In the records below, repeat word for word only the lines starting at the one that contains "Used 2022 INFINITI" and ending at the one that contains "French Kiss with Diamond | 5x4mm Overall", pictures excluded.

## Records for the exercise
((

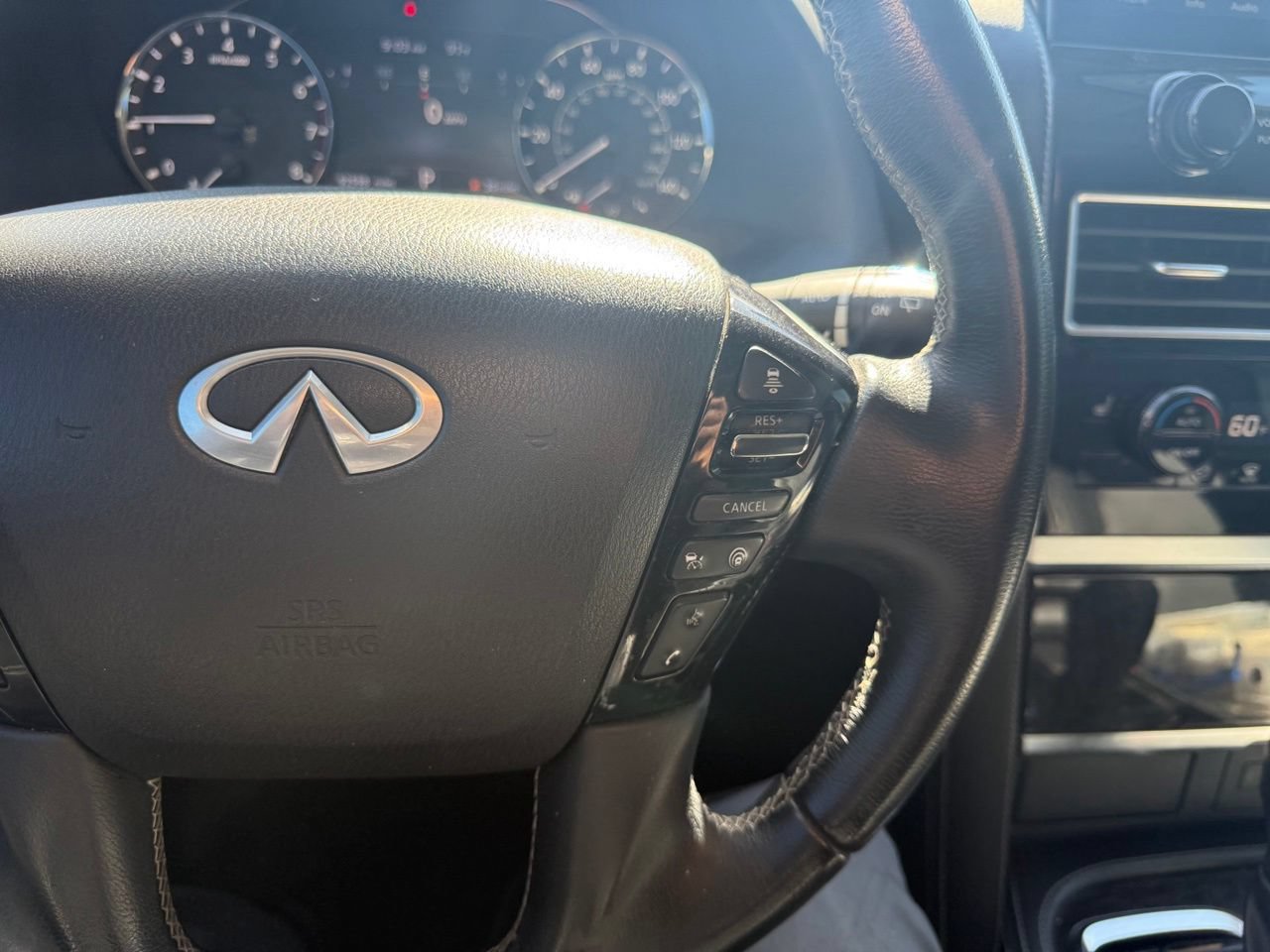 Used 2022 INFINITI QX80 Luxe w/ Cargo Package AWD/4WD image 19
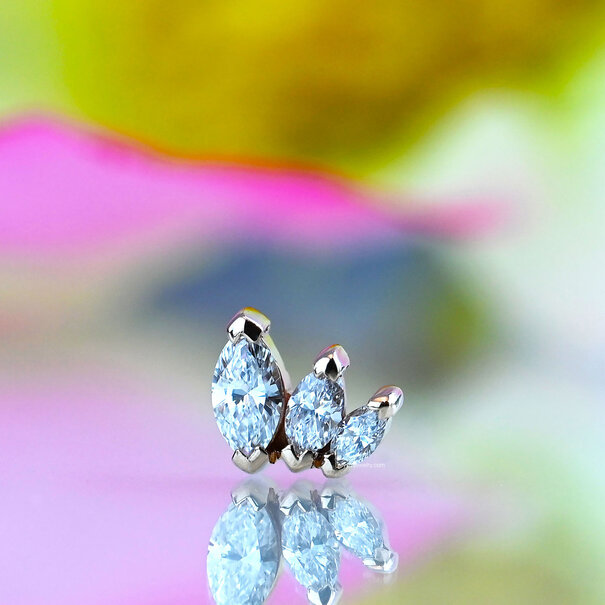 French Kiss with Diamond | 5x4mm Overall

))
((

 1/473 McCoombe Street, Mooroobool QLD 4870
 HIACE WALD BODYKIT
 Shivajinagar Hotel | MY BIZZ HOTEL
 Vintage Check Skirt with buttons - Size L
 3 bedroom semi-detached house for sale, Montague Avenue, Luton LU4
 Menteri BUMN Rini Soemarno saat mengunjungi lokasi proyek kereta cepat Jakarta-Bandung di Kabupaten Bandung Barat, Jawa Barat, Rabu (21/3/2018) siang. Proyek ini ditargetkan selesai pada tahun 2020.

))

## Output
 Used 2022 INFINITI QX80 Luxe w/ Cargo Package AWD/4WD image 19
 French Kiss with Diamond | 5x4mm Overall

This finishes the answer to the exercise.